Não, dessa vez ele não passou. Mas, se perseverou, deve ter acabado passando e hoje há de estar num posto qualquer do Ministério da Administração ou na equipe econômica, ou ainda aposentado como marajá, ou as três coisas. Vestibular, no meu tempo, era muito mais divertido do que hoje e, nos dias que correm, devidamente diplomado, ele deve estar fondo para quebrar. Fões tu? Com quase toda a certeza, não. Eu tampouco fonho. Mas ele fõe.
(João Ubaldo Ribeiro, publicado no jornal O Estado de São Paulo, em 13/09/1998)
TEXTO 2
Sempre recorrente na imprensa, a polêmica sobre a falta de sintonia entre educação profissional de nível superior e mercado de trabalho aflige simultaneamente educadores, estudantes e empregadores. A reestruturação produtiva dos últimos anos, a dispersão global dos negócios, a instabilidade e a volatilidade dos mercados dificultam ainda mais a tarefa dos que sonham com um fino ajuste entre educação e trabalho. Tal descompasso, entretanto, parece ser fruto de representações mentais ultrapassadas acerca da educação e do trabalho, de noções que apenas exprimiam o desejo da economia industrial de submeter o currículo escolar às suas necessidades mais urgentes. Idéias que restaram profundamente enraizadas, e que com frequência turvam a visão, gerando expectativas descabidas e equivocadas acerca do papel da educação superior.

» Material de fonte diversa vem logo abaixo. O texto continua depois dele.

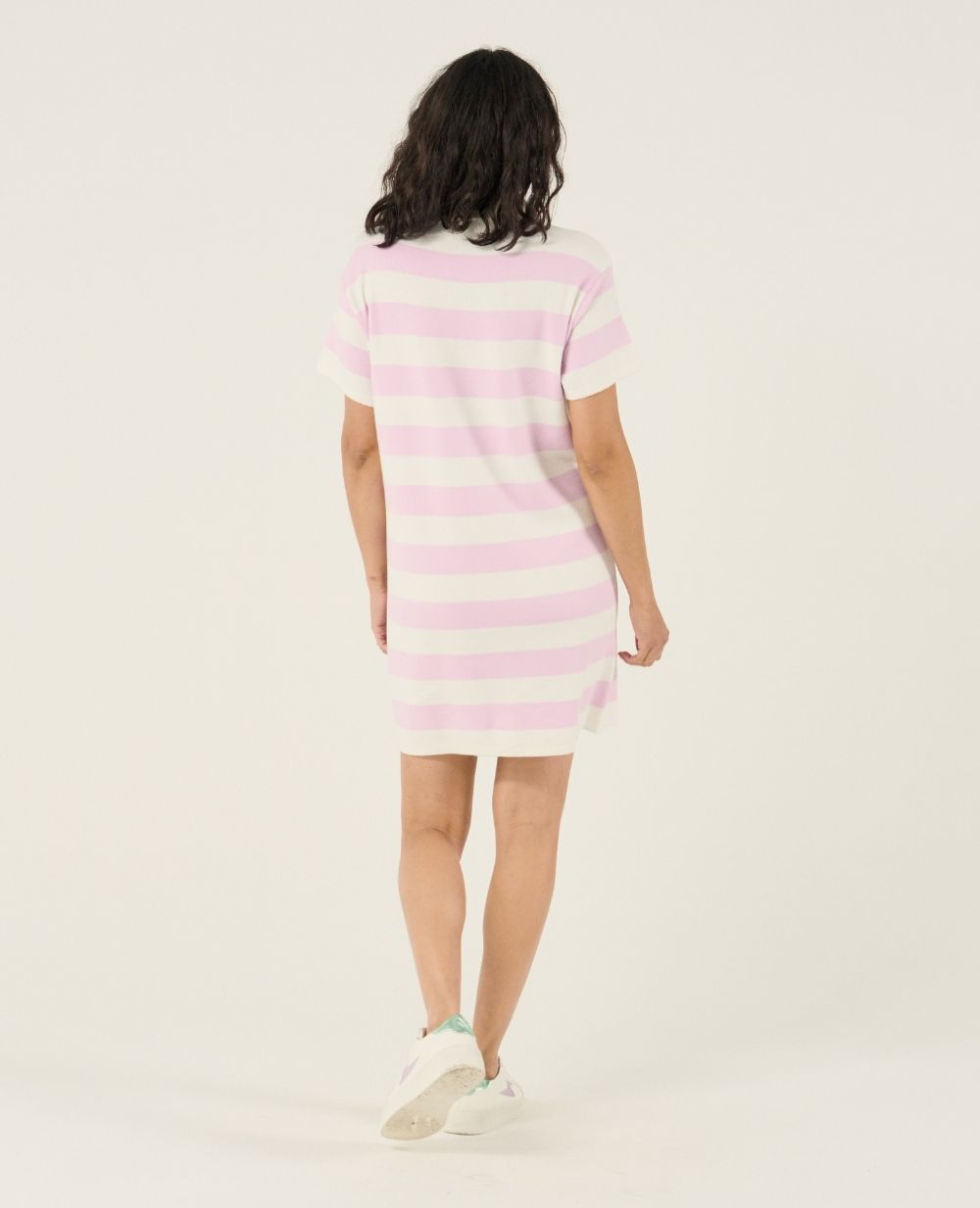 cache-c-ur-robe-d-allaitement-hamptons-parme image 5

O mercado de trabalho, determinado que é pelas necessidades instrumentais mais imediatas das organizações, é mais do que nunca mutante e instável. A universidade, ao preparar seus estudantes para o atendimento das necessidades mais urgentes do mercado, prepara-o para uma realidade que em breve não mais existirá. O egresso da universidade, quando dotado exclusivamente de conhecimento instrumental, de utilização imediata, está condenado a uma curta vida profissional. A aquisição de conhecimentos técnicos e instrumentais, aliás, dispensa qualquer passagem pelo ensino superior. Não é preciso fazer faculdade para se conhecer um software ou uma nova técnica profissional. A universidade deve visar, ao contrário, o atendimento das necessidades do próprio estudante, ou seja, a imprescindibilidade de uma consistente base cultural, de sólido conhecimento científico, de emancipação e realização profissional. Ao ensinar seus estudantes a compreender a realidade de forma crítica, ao ensiná-los a aprender, a universidade estará preparando-os para o resto de suas vidas, para todas as transformações futuras do mercado trabalho.
Por outro lado, no entanto, o descasamento crescente entre titulação universitária e ocupação profissional também se deve à rigidez e ao conservadorismo dos currículos universitários, que ignoram o aspecto contingente do atual mundo do trabalho. Condicionado pela grade curricular anacrônica, o conhecimento assim adquirido dificulta ainda mais a inserção no mercado de trabalho. Rotulada pelo diploma universitário, com fraca visão interdisciplinar e baixa consciência do contexto histórico, político e social que envolve a sua formação, essa pessoa terá dificuldade na definição do próprio trabalho, bem como na concepção de um projeto de vida profissional.
[...]
Disponível em: Acesso em: 7 mai 2017, às 15h
Analisando os textos motivadores acima, escreva um texto dissertativo-argumentativo em que você analise a realidade da educação superior brasileira e seu papel frente às necessidades do mercado de trabalho. Não esqueça de criar uma proposta de ação social para sugerir melhoras de acordo com o ponto de vista que você defender.